Martin Klukas performing a move

What exactly is People doing moves?

People doing moves is a conscious exploration of our bodies and their habits, which aims to find their hidden potential. The subsequent performing of these moves allows both performers and audience, to better understand physical relationships between bodies, body parts, objects and actions. Important thing is, that People Doing Moves is dedicated to everyone and it supports human bodies. We believe, that people can do and express with their bodies much more than they believe. 

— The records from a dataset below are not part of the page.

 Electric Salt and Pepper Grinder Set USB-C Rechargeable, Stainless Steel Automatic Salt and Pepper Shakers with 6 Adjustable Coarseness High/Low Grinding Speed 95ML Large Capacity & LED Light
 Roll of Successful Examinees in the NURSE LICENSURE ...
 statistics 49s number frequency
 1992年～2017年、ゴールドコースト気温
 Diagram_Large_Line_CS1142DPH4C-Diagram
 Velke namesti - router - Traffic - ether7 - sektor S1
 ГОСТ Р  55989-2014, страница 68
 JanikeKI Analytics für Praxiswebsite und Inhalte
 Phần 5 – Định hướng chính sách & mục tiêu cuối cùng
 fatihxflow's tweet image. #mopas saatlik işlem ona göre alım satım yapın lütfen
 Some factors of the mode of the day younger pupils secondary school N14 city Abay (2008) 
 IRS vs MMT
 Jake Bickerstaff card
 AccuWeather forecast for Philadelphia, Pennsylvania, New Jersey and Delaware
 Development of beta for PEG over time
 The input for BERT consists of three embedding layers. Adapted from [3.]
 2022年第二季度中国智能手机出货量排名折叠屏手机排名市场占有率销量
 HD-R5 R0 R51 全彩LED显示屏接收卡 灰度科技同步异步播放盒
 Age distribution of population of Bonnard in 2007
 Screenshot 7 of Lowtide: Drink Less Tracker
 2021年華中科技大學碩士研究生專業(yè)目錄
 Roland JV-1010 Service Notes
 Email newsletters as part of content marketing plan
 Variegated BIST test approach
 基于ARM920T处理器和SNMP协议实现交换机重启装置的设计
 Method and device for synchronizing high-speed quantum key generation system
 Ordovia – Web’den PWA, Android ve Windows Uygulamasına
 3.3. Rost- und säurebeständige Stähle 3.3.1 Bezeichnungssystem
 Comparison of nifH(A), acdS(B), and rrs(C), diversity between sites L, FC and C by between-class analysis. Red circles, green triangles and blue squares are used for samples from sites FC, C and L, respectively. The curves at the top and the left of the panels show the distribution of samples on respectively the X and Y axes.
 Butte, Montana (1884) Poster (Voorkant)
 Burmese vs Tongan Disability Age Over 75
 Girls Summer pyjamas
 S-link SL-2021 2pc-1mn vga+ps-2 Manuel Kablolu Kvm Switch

Freedom, language and community

People doing moves wants to prove, that there is no right or wrong. We are all humans, who are moving in their possibilities. We aim to create an international language and its vocabulary consisting of movement. No matter if you want to create a move to enrich your own dance style or you use the move to point on some global problem, important is, that this language is understandable by people from all over the world. 

Nils Löfke performing a move

Currently, we are building the community around the whole concept and spreading the knowledge and collected information via various workshops given to broaden people’s horizons about the perception of their bodies and movement. We believe this can be enriching for high-level dancers as well as for people who have never danced before, when they just want to explore their bodies.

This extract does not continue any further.